RAdam

Rectified Adam, also known as RAdam, is a modification of the Adam stochastic optimizer, which aims to solve the bad convergence problem experienced by Adam. It does so by rectifying the variance of the adaptive learning rate.

The Problem with Adam

The authors of RAdam contend that the primary issue with Adam is its adaptive learning rate's undesirably high variance in the early stages of model training due to the low number of training samples. This characteristic of Adam often leads to bad convergence, and it serves as the motivation for creating RAdam.

The Solution with RAdam

RAdam solves the problem of Adam's adaptive learning rate by using smaller learning rates in the first few epochs of training. This solution justifies the warmup heuristic.
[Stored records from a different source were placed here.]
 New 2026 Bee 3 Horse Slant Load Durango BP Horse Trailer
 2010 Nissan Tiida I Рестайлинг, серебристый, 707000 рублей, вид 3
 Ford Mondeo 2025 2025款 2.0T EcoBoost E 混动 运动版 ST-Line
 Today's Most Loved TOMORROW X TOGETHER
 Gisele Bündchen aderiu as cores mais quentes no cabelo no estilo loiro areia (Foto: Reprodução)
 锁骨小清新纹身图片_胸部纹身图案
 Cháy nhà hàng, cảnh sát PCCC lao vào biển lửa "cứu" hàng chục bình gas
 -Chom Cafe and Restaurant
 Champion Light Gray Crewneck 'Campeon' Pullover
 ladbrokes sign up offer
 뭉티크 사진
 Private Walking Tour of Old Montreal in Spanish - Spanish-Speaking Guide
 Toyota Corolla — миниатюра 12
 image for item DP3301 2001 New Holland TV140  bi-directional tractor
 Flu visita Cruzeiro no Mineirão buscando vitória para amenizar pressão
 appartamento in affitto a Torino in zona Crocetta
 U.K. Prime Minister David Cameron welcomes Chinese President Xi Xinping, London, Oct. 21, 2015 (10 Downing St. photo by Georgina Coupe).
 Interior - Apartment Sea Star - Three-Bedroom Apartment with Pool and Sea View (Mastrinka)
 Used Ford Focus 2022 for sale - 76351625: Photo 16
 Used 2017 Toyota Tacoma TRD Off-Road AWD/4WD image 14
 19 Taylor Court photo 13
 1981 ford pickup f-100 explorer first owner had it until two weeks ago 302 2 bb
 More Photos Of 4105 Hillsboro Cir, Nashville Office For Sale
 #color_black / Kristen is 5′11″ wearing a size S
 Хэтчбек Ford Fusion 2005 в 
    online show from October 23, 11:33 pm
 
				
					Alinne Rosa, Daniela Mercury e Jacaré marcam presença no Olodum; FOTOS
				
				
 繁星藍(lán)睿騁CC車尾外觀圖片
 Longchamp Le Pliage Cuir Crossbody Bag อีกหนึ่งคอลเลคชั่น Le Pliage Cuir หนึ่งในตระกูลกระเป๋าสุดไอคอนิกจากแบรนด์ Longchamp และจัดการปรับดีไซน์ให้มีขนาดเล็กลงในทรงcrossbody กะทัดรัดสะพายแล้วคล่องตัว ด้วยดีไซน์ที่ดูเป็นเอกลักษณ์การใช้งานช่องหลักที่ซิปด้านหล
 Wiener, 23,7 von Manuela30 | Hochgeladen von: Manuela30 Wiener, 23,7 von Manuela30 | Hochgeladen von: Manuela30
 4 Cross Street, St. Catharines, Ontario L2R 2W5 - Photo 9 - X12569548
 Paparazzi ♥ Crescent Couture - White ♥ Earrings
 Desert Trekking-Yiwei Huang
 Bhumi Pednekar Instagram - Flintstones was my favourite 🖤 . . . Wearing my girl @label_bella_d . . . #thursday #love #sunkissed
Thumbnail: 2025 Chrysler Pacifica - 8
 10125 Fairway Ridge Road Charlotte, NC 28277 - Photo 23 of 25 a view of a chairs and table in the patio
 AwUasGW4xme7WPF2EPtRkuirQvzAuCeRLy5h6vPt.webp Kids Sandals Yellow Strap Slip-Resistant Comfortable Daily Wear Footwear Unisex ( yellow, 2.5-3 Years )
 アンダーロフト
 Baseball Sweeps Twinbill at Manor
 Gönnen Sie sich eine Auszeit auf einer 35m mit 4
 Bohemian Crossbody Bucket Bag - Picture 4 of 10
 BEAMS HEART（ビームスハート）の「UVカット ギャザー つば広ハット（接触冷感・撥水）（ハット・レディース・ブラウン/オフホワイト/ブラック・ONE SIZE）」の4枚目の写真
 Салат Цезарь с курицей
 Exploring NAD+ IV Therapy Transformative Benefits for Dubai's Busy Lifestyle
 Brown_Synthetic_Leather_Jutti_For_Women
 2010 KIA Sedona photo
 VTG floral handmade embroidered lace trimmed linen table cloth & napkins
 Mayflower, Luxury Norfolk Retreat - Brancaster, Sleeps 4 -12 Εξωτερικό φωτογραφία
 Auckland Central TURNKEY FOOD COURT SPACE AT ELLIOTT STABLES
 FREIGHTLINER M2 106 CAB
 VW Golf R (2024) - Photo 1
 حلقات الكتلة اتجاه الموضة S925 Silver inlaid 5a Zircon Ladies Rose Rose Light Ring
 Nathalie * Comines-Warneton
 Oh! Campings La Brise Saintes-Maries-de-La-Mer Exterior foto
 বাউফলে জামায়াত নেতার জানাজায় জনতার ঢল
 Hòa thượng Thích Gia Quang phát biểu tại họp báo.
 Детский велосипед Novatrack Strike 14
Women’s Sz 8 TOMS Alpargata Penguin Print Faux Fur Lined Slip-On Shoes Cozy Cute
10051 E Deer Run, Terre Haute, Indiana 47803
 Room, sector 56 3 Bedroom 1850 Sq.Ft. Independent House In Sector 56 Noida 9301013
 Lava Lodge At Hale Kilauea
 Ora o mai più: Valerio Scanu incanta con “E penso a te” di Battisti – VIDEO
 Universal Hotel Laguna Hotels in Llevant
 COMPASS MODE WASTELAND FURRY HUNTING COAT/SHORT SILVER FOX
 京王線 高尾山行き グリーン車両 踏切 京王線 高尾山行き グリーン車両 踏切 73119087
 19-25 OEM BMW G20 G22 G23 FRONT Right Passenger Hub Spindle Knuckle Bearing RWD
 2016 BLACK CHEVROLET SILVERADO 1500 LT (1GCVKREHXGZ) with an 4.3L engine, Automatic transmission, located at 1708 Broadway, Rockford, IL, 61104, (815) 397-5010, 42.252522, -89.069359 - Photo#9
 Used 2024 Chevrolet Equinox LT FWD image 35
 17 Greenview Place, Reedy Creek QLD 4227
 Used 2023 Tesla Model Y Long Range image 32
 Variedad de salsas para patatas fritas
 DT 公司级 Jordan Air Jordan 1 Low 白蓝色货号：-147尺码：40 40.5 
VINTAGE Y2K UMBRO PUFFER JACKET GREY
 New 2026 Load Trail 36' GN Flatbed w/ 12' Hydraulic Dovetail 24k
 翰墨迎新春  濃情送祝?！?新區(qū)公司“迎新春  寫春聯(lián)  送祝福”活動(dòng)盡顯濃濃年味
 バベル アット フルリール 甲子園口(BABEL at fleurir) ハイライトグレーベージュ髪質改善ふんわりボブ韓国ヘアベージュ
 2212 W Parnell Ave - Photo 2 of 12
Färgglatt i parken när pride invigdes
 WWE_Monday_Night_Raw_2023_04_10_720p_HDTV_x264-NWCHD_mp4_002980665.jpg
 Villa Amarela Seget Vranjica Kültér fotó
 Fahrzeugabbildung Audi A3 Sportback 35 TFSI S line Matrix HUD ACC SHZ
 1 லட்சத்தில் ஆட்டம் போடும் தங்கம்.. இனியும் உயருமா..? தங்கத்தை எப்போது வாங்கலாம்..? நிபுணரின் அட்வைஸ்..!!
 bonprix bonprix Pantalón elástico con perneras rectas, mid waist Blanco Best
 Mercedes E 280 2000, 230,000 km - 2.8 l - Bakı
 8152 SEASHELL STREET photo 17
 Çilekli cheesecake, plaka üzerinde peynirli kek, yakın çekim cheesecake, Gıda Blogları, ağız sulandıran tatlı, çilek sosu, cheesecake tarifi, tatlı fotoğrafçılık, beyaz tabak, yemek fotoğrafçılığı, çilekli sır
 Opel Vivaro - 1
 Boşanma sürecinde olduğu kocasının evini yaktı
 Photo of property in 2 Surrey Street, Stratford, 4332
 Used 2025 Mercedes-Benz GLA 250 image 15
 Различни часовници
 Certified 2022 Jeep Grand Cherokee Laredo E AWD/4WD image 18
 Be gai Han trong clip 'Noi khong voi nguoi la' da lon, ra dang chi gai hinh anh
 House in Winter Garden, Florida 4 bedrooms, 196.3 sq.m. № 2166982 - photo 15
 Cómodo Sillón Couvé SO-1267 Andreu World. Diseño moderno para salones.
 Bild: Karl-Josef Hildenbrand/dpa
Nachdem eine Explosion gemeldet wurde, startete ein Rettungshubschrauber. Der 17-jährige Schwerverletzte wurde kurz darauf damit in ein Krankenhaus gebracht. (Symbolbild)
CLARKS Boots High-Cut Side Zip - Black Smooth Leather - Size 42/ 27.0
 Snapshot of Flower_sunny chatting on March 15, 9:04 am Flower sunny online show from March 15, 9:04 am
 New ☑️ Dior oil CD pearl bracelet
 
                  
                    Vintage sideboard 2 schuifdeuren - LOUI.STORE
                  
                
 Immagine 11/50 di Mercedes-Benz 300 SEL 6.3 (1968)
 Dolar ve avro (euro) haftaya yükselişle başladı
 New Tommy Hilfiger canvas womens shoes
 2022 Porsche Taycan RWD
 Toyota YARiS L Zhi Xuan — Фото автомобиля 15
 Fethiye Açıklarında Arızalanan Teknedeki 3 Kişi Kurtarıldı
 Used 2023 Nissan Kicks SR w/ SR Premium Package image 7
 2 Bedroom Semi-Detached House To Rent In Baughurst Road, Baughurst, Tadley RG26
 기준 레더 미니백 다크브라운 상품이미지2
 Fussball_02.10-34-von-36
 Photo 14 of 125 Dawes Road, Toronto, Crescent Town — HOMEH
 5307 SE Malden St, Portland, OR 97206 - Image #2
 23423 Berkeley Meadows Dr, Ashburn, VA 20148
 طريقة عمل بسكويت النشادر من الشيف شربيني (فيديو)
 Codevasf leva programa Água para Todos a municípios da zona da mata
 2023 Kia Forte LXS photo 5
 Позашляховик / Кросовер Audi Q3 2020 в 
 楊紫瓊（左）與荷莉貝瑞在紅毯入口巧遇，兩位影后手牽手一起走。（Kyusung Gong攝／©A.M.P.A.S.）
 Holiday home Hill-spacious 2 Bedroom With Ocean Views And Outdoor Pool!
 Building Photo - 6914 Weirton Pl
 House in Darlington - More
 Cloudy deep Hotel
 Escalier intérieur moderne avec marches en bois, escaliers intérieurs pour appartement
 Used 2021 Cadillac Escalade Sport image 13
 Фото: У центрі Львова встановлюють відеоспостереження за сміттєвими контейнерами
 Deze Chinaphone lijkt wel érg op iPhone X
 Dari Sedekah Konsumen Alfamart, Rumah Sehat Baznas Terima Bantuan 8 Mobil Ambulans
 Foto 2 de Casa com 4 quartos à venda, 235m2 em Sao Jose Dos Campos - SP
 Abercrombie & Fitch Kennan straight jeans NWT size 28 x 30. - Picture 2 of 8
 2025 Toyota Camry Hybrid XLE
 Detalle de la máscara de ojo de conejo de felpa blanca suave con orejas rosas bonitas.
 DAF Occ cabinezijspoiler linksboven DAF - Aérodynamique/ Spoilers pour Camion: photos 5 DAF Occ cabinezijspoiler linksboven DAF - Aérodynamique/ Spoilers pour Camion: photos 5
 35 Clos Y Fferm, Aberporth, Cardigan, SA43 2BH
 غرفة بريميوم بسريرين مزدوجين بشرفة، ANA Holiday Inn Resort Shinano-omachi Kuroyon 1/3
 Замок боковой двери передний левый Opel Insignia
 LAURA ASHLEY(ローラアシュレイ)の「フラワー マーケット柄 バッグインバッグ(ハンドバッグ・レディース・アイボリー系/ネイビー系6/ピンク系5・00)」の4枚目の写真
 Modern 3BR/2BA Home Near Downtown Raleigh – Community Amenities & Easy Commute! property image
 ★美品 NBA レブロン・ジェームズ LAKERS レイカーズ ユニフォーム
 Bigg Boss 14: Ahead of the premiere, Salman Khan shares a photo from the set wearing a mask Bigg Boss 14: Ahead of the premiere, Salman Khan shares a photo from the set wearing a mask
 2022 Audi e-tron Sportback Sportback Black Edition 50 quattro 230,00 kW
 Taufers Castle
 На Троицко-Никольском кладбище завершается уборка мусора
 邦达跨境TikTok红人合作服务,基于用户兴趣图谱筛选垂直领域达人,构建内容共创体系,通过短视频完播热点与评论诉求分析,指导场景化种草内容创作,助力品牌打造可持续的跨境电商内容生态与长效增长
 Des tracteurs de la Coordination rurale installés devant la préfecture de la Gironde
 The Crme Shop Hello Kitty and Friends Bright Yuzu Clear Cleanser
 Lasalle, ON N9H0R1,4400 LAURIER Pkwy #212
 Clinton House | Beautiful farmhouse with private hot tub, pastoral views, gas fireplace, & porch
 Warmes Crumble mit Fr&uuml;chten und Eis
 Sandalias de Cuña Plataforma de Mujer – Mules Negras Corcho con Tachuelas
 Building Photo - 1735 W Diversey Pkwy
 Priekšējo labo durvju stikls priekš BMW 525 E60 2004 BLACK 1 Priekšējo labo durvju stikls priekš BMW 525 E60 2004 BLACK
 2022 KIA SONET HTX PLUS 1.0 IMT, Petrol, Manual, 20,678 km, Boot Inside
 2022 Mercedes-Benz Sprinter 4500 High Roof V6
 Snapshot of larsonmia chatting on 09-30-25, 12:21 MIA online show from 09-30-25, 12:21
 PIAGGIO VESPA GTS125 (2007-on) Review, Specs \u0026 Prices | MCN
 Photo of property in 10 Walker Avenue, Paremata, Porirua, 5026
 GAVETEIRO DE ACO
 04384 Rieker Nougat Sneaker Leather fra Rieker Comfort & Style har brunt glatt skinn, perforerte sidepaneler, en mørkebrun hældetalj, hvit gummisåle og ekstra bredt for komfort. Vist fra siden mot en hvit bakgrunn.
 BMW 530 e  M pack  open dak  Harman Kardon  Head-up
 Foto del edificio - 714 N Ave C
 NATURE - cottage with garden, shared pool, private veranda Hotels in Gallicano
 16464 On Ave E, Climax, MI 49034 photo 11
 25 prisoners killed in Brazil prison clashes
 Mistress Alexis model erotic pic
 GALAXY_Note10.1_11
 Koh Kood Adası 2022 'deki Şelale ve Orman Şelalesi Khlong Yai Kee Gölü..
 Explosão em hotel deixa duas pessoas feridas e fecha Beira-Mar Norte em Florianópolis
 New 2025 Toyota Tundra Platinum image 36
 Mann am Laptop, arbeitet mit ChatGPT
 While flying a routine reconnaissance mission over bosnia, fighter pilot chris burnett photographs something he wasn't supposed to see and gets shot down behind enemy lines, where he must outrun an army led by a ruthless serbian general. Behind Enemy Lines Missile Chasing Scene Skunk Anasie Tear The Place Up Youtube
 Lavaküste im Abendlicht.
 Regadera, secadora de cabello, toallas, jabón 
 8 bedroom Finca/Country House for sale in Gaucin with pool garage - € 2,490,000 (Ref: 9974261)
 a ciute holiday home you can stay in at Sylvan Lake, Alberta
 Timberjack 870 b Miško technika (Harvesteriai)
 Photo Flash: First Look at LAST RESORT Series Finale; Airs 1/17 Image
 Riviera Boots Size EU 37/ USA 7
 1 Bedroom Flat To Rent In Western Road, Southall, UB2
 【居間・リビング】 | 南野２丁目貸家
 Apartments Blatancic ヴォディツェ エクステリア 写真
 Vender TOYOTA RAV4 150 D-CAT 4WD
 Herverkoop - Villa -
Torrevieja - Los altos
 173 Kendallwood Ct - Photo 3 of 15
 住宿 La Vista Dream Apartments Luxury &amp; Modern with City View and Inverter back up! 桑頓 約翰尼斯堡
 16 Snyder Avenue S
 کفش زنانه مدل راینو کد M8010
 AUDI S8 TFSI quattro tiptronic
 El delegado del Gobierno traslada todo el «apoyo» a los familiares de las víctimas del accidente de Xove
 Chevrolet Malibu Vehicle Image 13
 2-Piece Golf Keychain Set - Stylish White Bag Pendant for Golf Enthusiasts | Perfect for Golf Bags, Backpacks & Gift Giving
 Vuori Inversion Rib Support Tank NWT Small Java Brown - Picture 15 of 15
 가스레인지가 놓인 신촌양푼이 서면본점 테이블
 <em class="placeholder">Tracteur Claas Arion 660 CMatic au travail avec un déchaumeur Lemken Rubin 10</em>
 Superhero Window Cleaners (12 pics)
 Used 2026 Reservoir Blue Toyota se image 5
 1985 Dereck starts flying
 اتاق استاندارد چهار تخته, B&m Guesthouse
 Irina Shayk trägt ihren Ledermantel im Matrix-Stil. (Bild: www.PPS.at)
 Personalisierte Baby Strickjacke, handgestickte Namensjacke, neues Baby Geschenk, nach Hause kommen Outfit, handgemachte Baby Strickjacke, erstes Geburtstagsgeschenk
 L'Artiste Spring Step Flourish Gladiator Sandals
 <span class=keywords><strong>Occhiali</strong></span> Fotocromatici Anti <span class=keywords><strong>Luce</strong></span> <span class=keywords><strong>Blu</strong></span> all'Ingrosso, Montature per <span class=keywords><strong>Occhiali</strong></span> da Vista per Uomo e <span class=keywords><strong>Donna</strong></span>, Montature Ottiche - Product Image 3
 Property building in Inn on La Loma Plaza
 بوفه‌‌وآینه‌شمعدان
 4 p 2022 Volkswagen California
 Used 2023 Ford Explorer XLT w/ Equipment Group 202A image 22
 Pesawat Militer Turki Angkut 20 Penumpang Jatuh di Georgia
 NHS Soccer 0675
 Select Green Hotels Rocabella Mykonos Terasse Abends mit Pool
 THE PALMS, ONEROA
The following equations show the computation steps for adaptive learning rate, variance rectification, and parameter update:

g_t = ∇_θf_t(θ_t−1)

v_t = 1/β₂v_t−1 + (1−β₂)g²_t

m_t = β₁m_t−1 + (1−β₁)g_t

∆ = m_t / (1−β^t₁)

ρ_t = ρ_∞ - 2tβ^t₂/ (1 − β^t₂)

ρ_∞ = 2 / (1 - β₂) -1

If the variance is measurable - ρ_t > 4 then:

l_t = sqrt((1−β^t₂) / v_t)

r_t = sqrt(((ρ_t − 4)(ρ_t - 2)ρ_∞) /((ρ_∞ − 4)(ρ_∞ − 2)ρ_t))

θ_t = θ_t−1 − α_tr_t∆l_t

If the variance is not measurable, we update instead with:

θ_t = θ_t−1 − α_t∆

Recitified Adam is a variation of the Adam stochastic optimiser. It is intended to solve the convergence problems caused by Adam's high variance adaptive learning rate in the early stages of training. This is achieved by using smaller learning rates until model convergence becomes adequate. The result is more stable convergence and more accurate models.